It’s still continuing. We have towers deployed all along the southern border and the northern border. It’s part of Congress’s annual budget. But the vast majority of our work has been on the military side. There’s no billion-dollar contracts coming down the line to massively expand the border work.

When I visited the border with you in early 2018, it was just before we learned about families being separated and other miseries. How do you feel about that?

I’m still really proud of our work that we do with border security. The reality is, no matter what you want immigration policy to be, you should know what’s crossing the border. You’ve seen this with the Biden administration. They’ve changed policy on how to handle people coming across the border, but they still want to know if people are smuggling drugs into the US, weapons out of the US, cash back and forth. No matter what your immigration policy is, very few people want there to be no awareness of it. So I think that’s one of the reasons we’ve continued to do well, even on the border security work with the new administration.

It would seem that the shift from building a wall to monitoring the border helps you.

Yeah. The first deployment that Customs and Border Protection actually paid us for was in an area where there was already a 19-foot steel barrier, but it still wasn’t stopping the traffic.

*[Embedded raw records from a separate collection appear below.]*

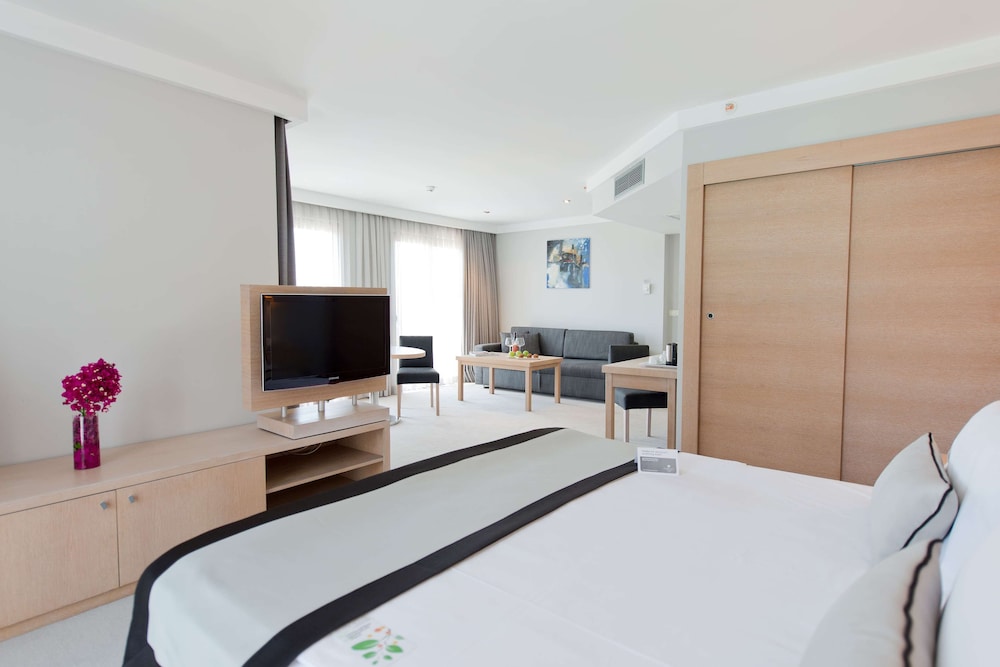 Ramada Resort by Wyndham Bodrum - Image 20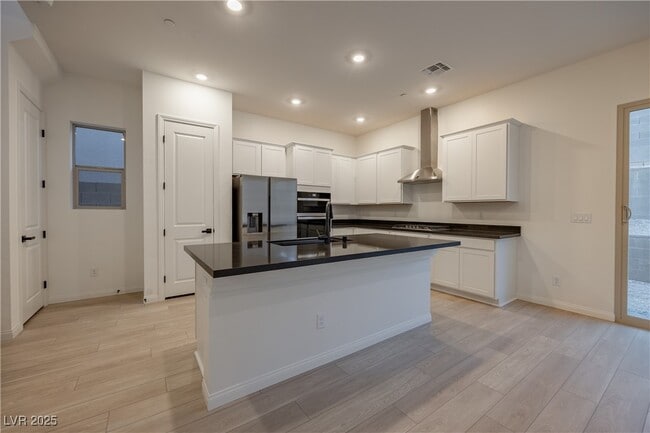 Photo - 119 Silver Run Ln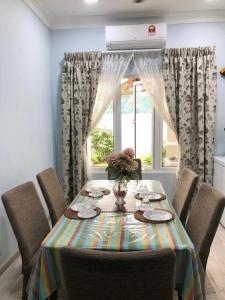 Casa Melati Homestay Johor Bharu CIQ 3BR 8Pax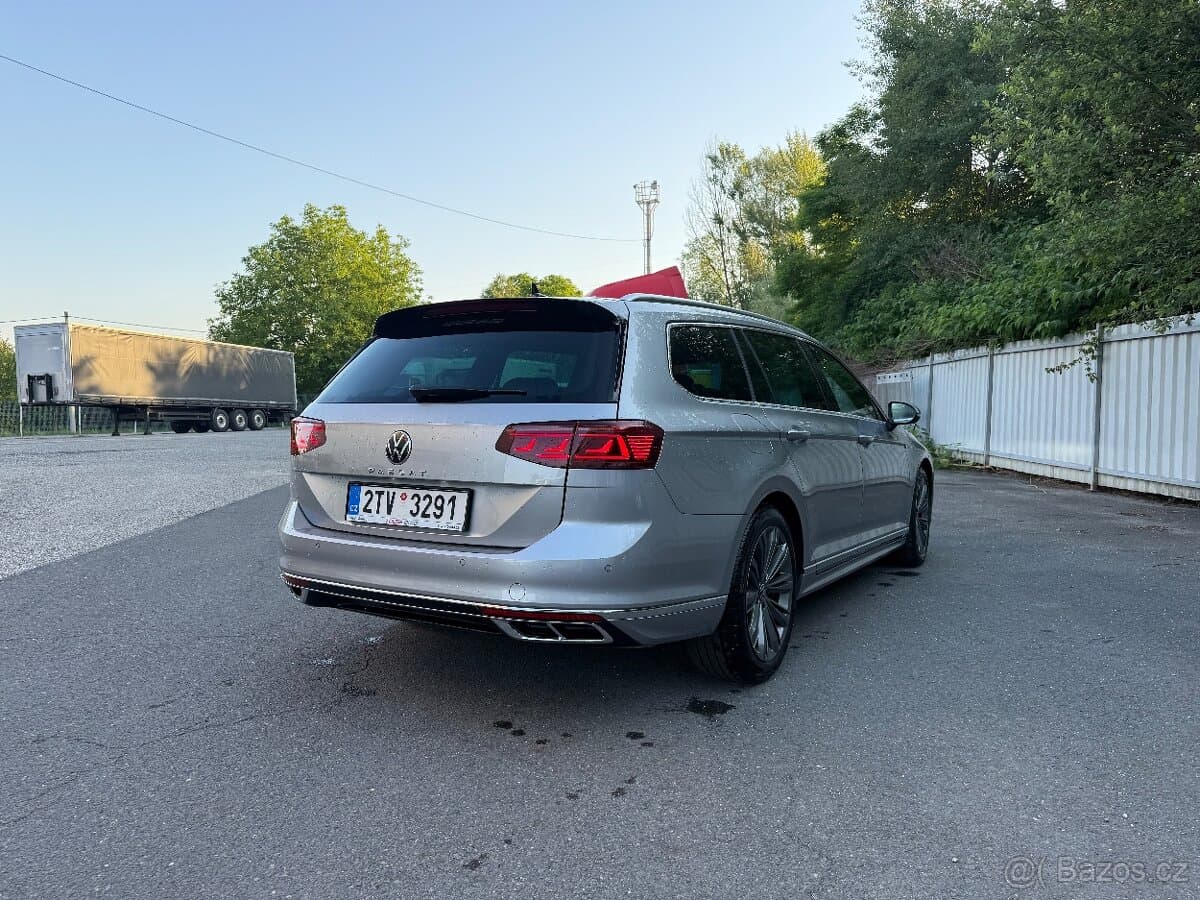 2023 Volkswagen PASSAT - 5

Your main focus is what you call Lattice, a way to connect many different sensors and technologies for soldiers to see what’s happening on the battlefield in real time. How is it going?

We’re working with every major branch of the US military. We’re doing a lot of work with the UK Ministry of Defense and the Australian military. The nice thing is they all agree that they want their stuff to be interoperable. The goal of Lattice is to fuse all of the sensors and all of the effectors that DOD has, not just the things that we make. I had a recent AVMS [Adaptive Vehicle Monitoring System] exercise, where we fused several dozen different existing systems. We’ve used the system in a naval destroyer and its weapon systems, and we’ve used it in some manned fighter jets. Lattice builds a picture that marks relevant things and then pushes that data to the people that need to know about it in real time.

Autonomous weapons are a controversial subject. Should we be OK with AI-based systems pulling the trigger?

We have that today. I’ve talked to people who say, “We should ban development of autonomous weapon systems before it’s too late,” but they already exist, like the close-in weapon systems that protect our aircraft carriers from incoming missiles. We have cruise missiles that can hit surface-to-air missile sites—those basically fly toward a general area, look for electronic emissions, and then strike it without sending out any comms back home. There’s no other way to solve the problem. You can’t have a person literally be responsible for pulling the trigger in every instance. The issue is to make sure that responsibility for them always lands with a person. You need to design ways of thinking about the deployment of autonomous weapons that ensures that that thinking is happening before the trigger is pulled.